Third-party Impact ranks every external vendor script loaded on your tracked URLs — analytics platforms, tag managers, chat widgets, social embeds, consent banners, fonts — by how much main-thread time and bandwidth they cost your visitors. While third-party scripts serve legitimate purposes, they are often the single biggest contributor to TBT (Total Blocking Time) and slow INP (Interaction to Next Paint). This report tells you exactly which vendors are costing the most, so you can make an informed trade-off between functionality and performance.

What it contains

For each third-party entity (identified by URL origin) Lighthouse tracks across your latest PSI runs, we aggregate:

  • Main-thread time (ms) — total time the vendor’s script occupied the browser’s main thread, blocking user interaction. This is the primary metric to sort by: it drives TBT and INP.
  • Transfer size (KiB) — total bytes downloaded for the vendor’s resources. Relevant for bandwidth-constrained mobile users.
  • Blocking time (ms) — the portion of main-thread time that counts directly toward TBT (tasks >50 ms, minus the 50 ms grace period).
  • URLs affected — how many of your tracked URLs load this vendor.

How to read it

  • Sort by Main-thread time to find vendors that block interactivity the most.
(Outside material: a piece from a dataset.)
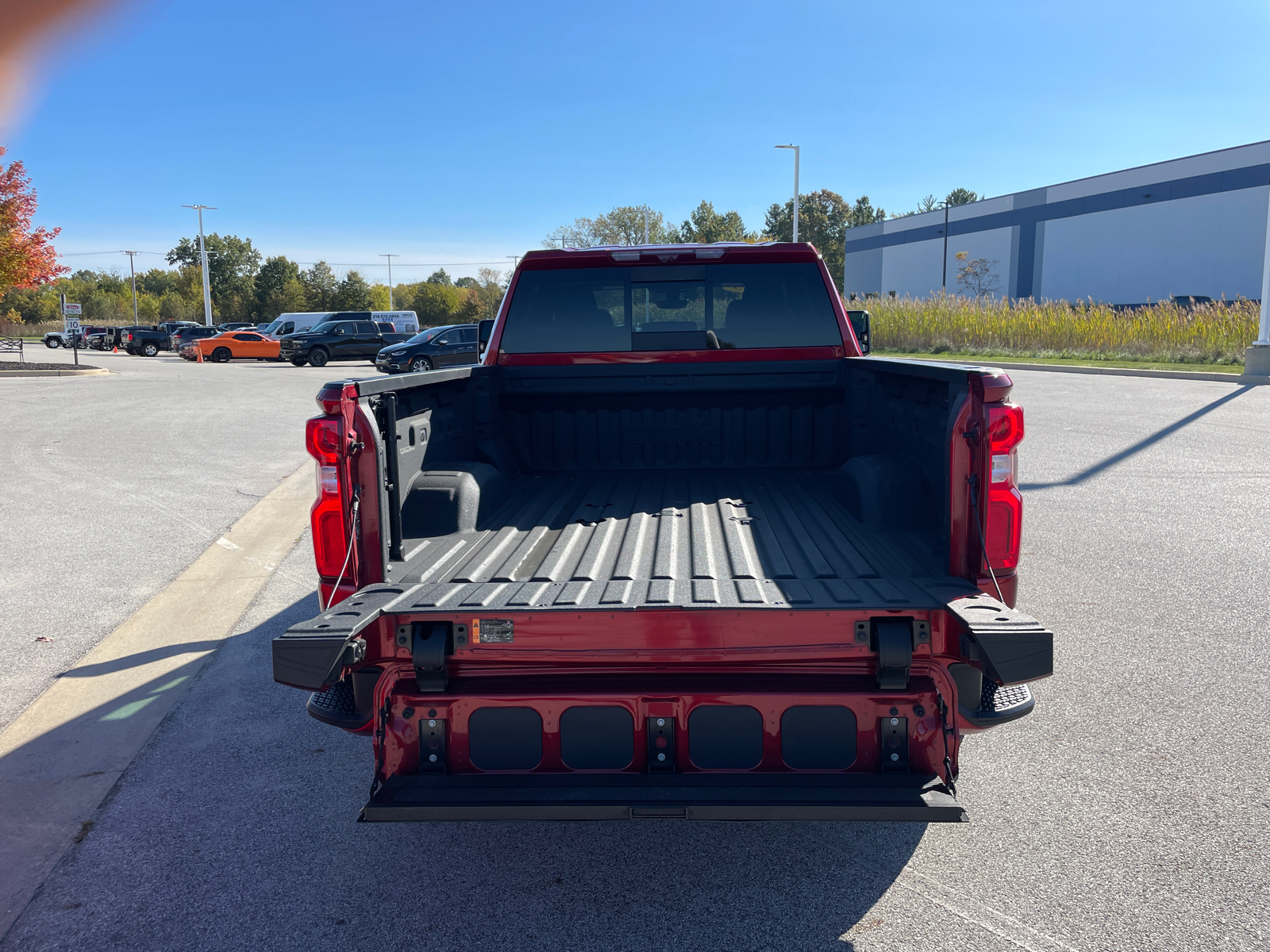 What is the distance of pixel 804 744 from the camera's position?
2.66 meters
The colour bands (good / needs improvement / poor) use thresholds consistent with Lighthouse’s own scoring.
  • Sort by Transfer size to find the heaviest downloaders — most critical on mobile connections.
  • Sort by URLs affected to find platform-wide vendors. A tag manager that loads on every page and takes 300 ms of main-thread time is a far bigger problem than a 1-second widget on a single page.
  • The poor tier (red) contains vendors costing more in performance than they are likely returning in value. Defer, facade, or remove them.

Common actions by vendor type

Tag managers

Audit the tag container — most tag managers are loaded synchronously but contain dozens of dormant tags. Pause or delete tags not used in the last 90 days. Consider loading the container async.

Chat widgets

Replace with a “chat facade” — a lightweight placeholder that looks like the widget but only loads the full script on user interaction. Common with Intercom, Drift, Zendesk.

Analytics

GA4’s gtag.js is usually low-impact if loaded via GTM with an async trigger. If it appears high in this list, check for synchronous load patterns or duplicate tag instances.

Social embeds

Twitter/X, YouTube and LinkedIn embeds each pull their own heavy JS. Use the lite-youtube-embed pattern or equivalent for video; defer social buttons until user interaction.

What to do with it

  1. Sort by main-thread time and identify the top vendor in the poor tier. Establish the business value it provides and weigh that against the performance cost.
  2. For the highest-cost vendors, implement a facade or defer pattern and test the change in a staging environment before pushing to production.
  3. Log every vendor change in Change Events so PSI History can attribute subsequent score improvements to the right release.
  4. Re-run PSI after changes. The vendor should either move from poor to needs improvement, or disappear from the table entirely if removed.